* **WHAT IS REQUIRED**: Any image found in the entries is to be skipped; the rest is returned word for word.

* **TASK INPUT**:
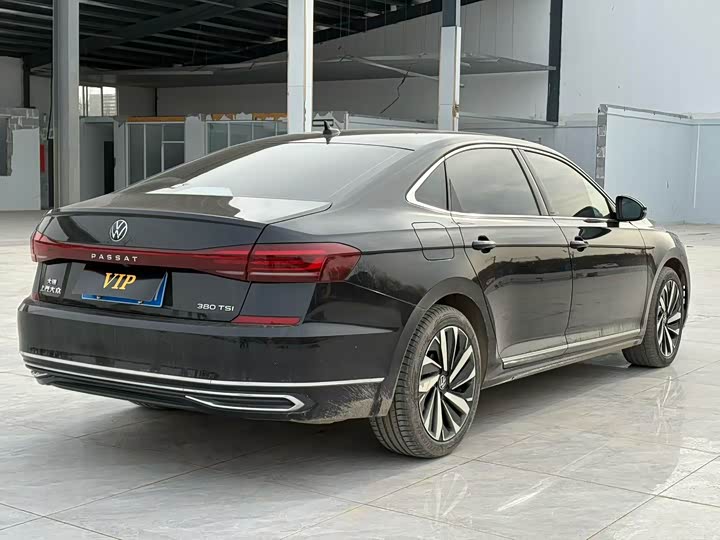 Фото 6 - Volkswagen Passat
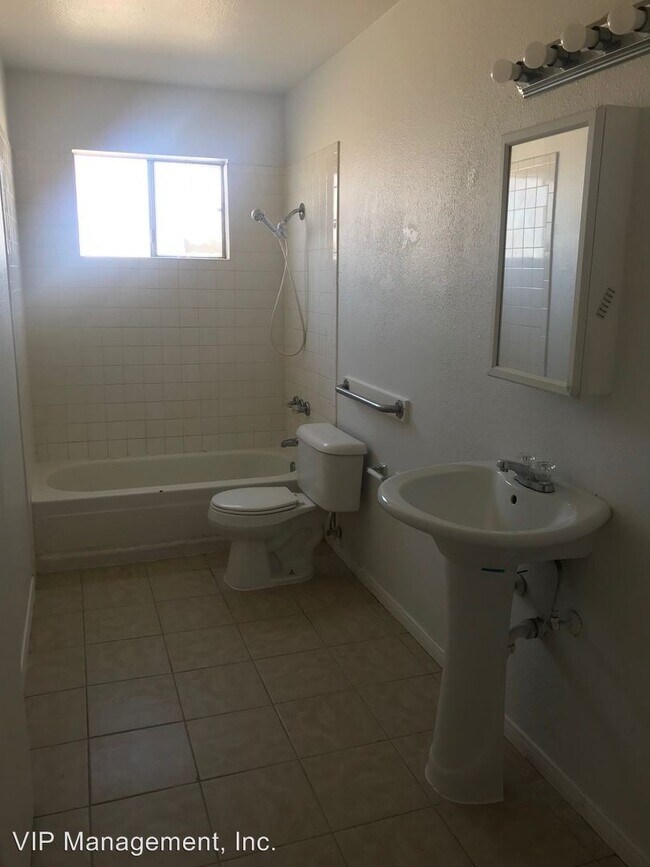Foto del edificio - 11621 Lee Ave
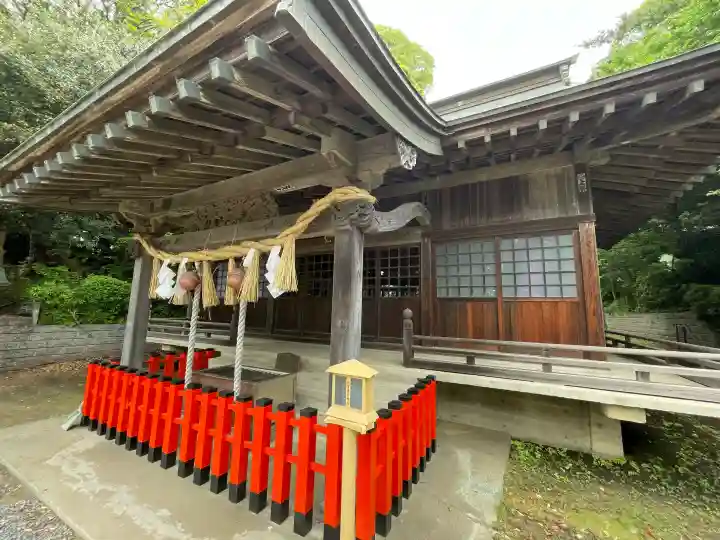 鹿嶋神社の{uncategorized: "未分類", other: "その他", undefined: "問題あり", building: "その他建物", grave: "お墓", sacred_gate: "鳥居", guardian: "狛犬", statue: "像", buddha: "仏像", history: "歴史", nature: "自然", garden: "庭園", animal: "動物", pagoda: "塔", temizu: "手水舎", mountain_gate: "山門・神門", sanctuary: "本殿・本堂", subordinate: "末社・摂社", art: "芸術", scenery: "景色", jizo: "地蔵", ema: "絵馬", goshuin: "御朱印", omikuji: "おみくじ", items: "授与品その他", amulet: "お守り", goshuincho: "御朱印帳", eats: "食事", festival: "お祭り", votive_dance: "神楽", shichigosan: "七五三参", wedding: "結婚式", experience: "体験その他", initially: "初詣", around: "周辺", anti_infection: "感染症対策"}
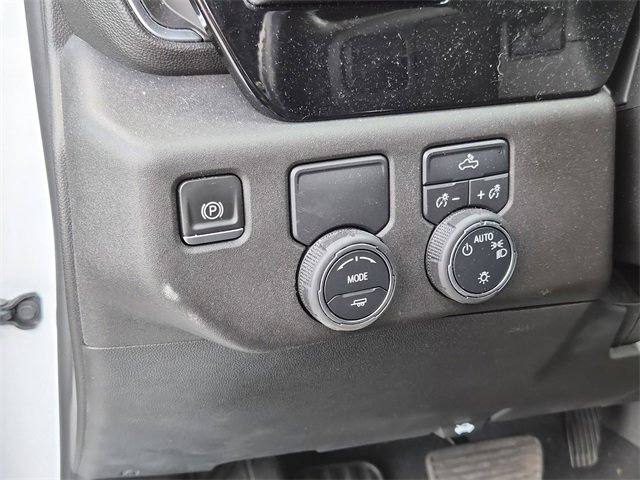 Used 2022 Chevrolet Silverado 1500 LT image 22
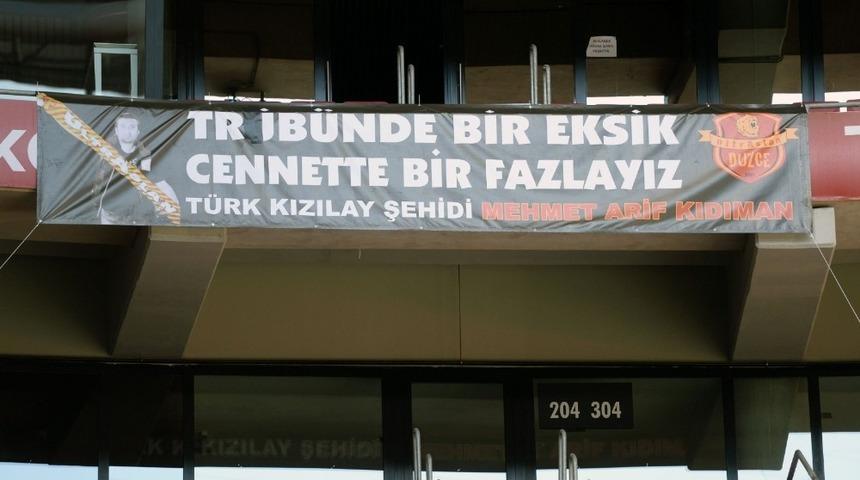 Derbi &ouml;ncesi trib&uuml;nde pankart a&ccedil;ıldı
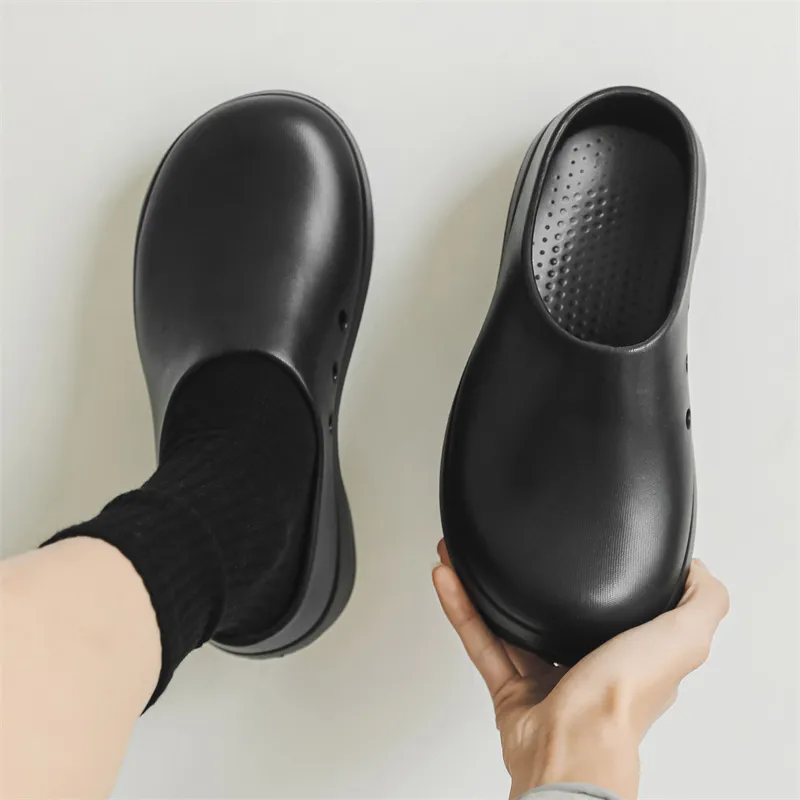 FCMM Rubber Sole Closed Toe Slippers Men's-1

* **TASK ANSWER**:
 Фото 6 - Volkswagen Passat
Foto del edificio - 11621 Lee Ave
 鹿嶋神社の{uncategorized: "未分類", other: "その他", undefined: "問題あり", building: "その他建物", grave: "お墓", sacred_gate: "鳥居", guardian: "狛犬", statue: "像", buddha: "仏像", history: "歴史", nature: "自然", garden: "庭園", animal: "動物", pagoda: "塔", temizu: "手水舎", mountain_gate: "山門・神門", sanctuary: "本殿・本堂", subordinate: "末社・摂社", art: "芸術", scenery: "景色", jizo: "地蔵", ema: "絵馬", goshuin: "御朱印", omikuji: "おみくじ", items: "授与品その他", amulet: "お守り", goshuincho: "御朱印帳", eats: "食事", festival: "お祭り", votive_dance: "神楽", shichigosan: "七五三参", wedding: "結婚式", experience: "体験その他", initially: "初詣", around: "周辺", anti_infection: "感染症対策"}
 Used 2022 Chevrolet Silverado 1500 LT image 22
 Derbi &ouml;ncesi trib&uuml;nde pankart a&ccedil;ıldı
 FCMM Rubber Sole Closed Toe Slippers Men's-1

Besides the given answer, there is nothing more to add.